*Recorded information*

*** Block opens ***

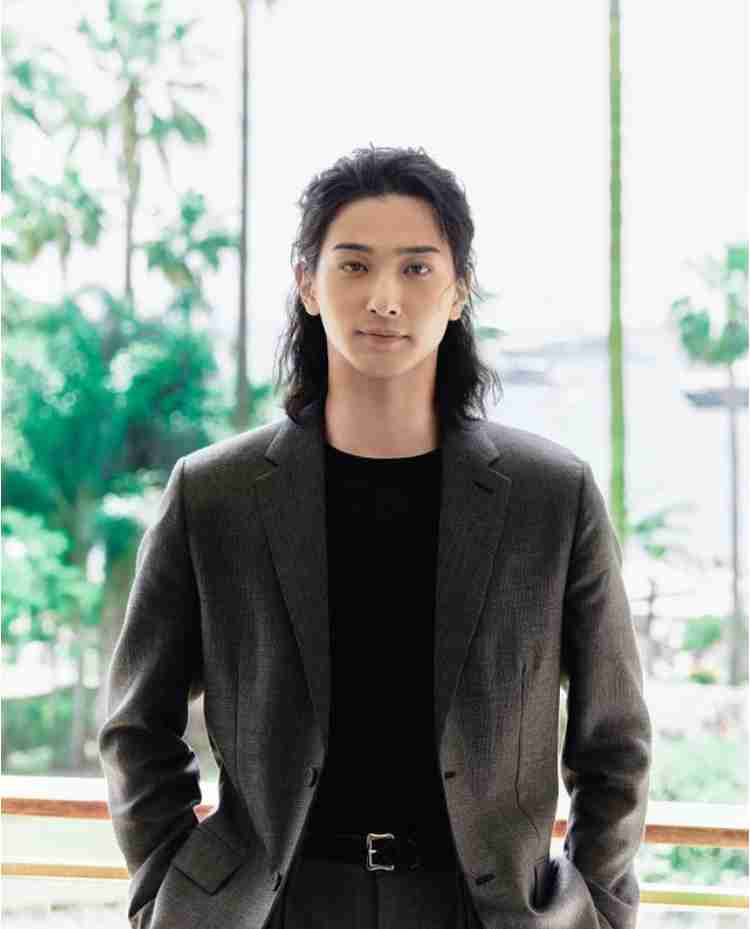 首が長い芸能人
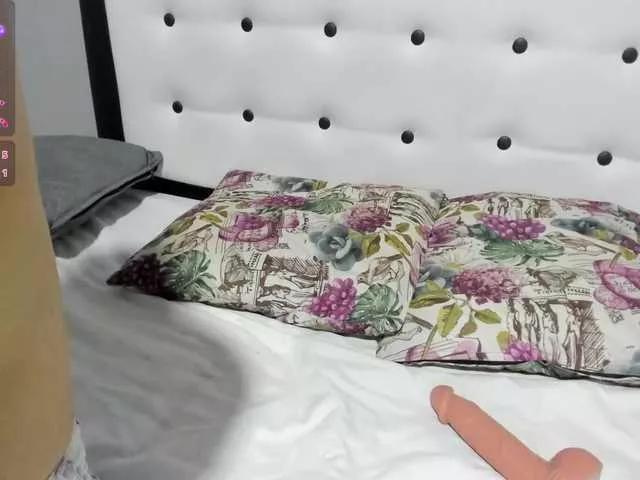 Photos of Valerii-hurtaddo from BongaCams is Freechat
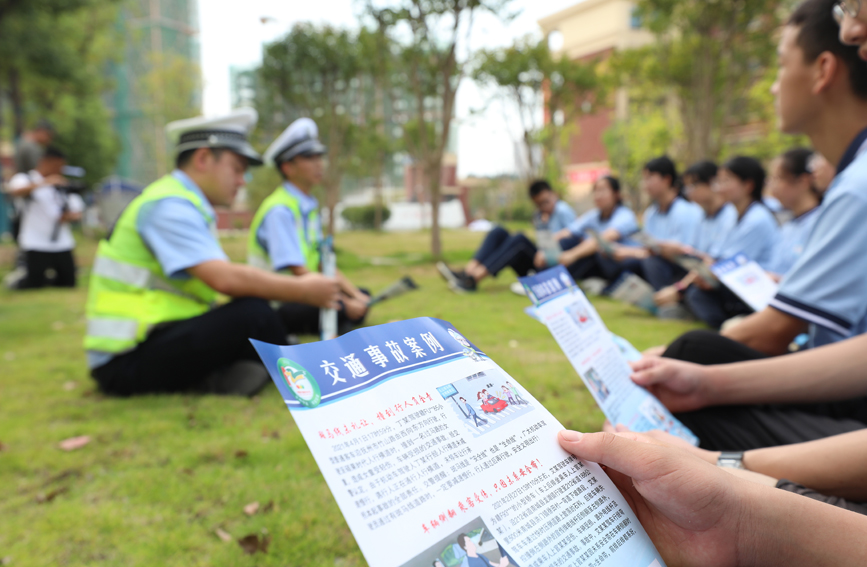 校园内，民警正在给学生们普及交通安全知识。 邱志超摄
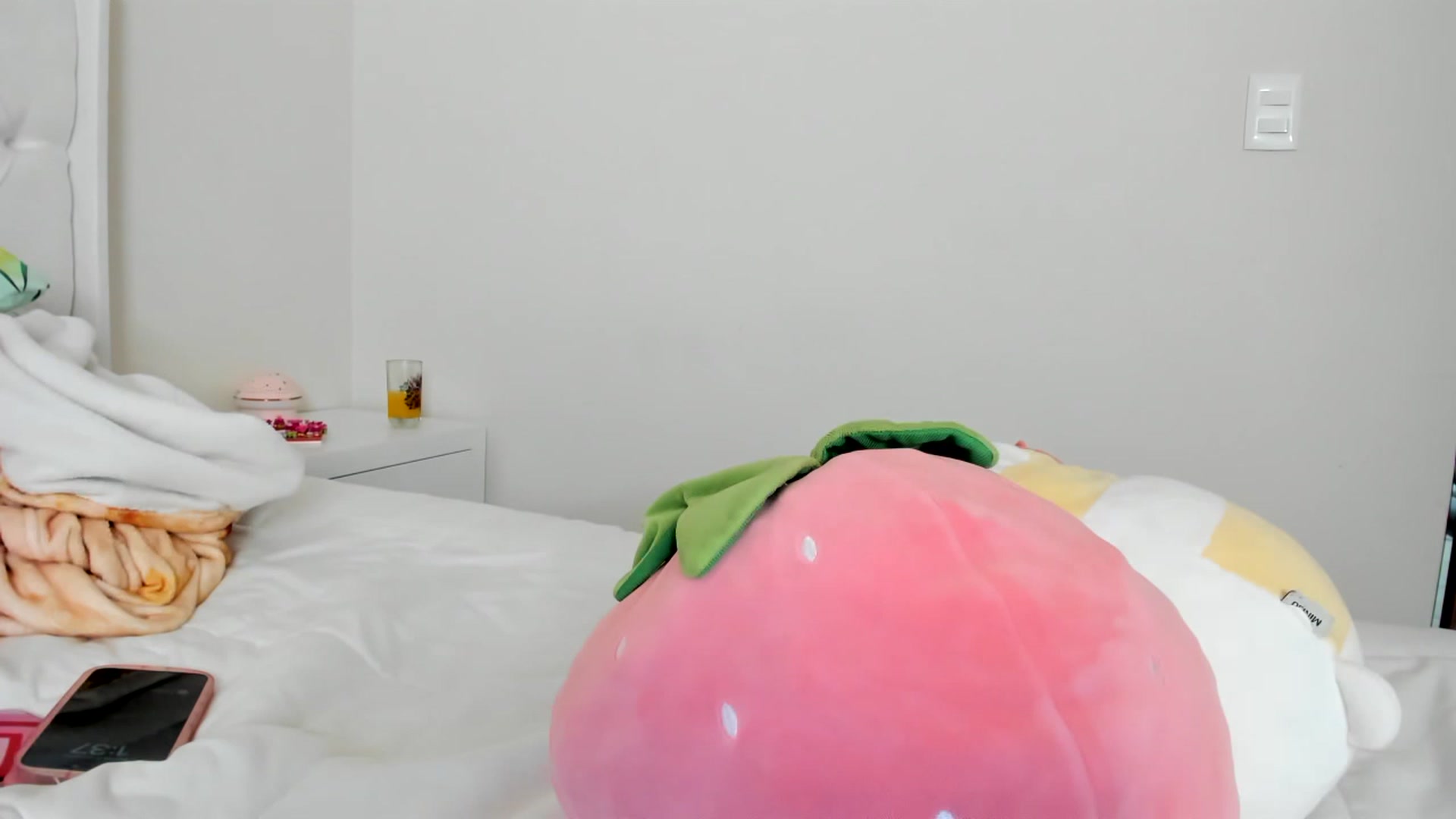 Gallery image thumbnail from Cherrycute666's myfreecams stream on, 03/09/2023, 20:20 image 3 of 20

*** Block closes ***

Every line above needs to be written out again as it stands. Pictures do not belong in the copy.

*Answer box*
 首が長い芸能人
 Photos of Valerii-hurtaddo from BongaCams is Freechat
 校园内，民警正在给学生们普及交通安全知识。 邱志超摄
 Gallery image thumbnail from Cherrycute666's myfreecams stream on, 03/09/2023, 20:20 image 3 of 20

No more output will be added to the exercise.